The client faced the challenge of forecasting sales for multiple SKUs across different regions. This task was complicated by the need to consider various factors like seasonality, holidays, sporting events, and temperature fluctuations. The client sought a solution that could not only generate accurate forecasts but also manage the complexity of running multiple models in parallel.
To address this challenge, we implemented a robust forecasting model powered by Recurrent Neural Network (RNN) architecture. The model incorporated critical variables such as seasonality, holidays, significant sporting events, and temperature, which are crucial for predicting demand in the beverage industry. Additionally, we employed MLOps systems to manage the complexity of running hundreds of models simultaneously for different SKUs and regions.

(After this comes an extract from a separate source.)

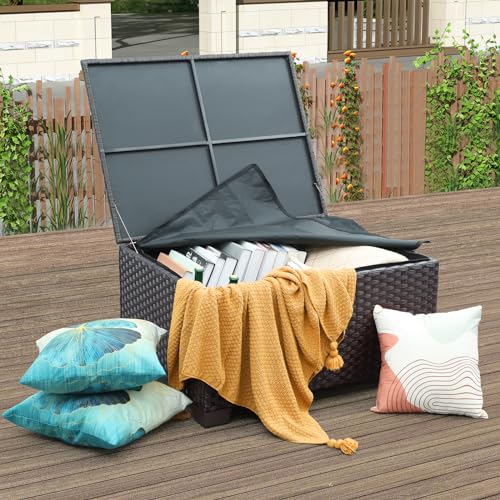 Waroom Outdoor Pe Wicker Coffee Table - Resin Rattan Patio Table Garden Furniture Backyard Storage Table With Waterproof Lining Bag thumb #2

Exceptional results were achieved through innovative solutions, turning the challenge at hand into measurable success.
Achieved an average Mean Absolute Percentage Error of 22% for various SKUs, exceeding the initial goal of being lower than 25%
Achieved a 10% to 15% improvement in overall stability, with minimum accuracy rising from approximately 70% to around 90%.
The improved forecasting capabilities directly contributed to higher sales and a larger market share.
Ready to transform your business? Contact us today to learn how we can apply these solutions to your company’s challenges.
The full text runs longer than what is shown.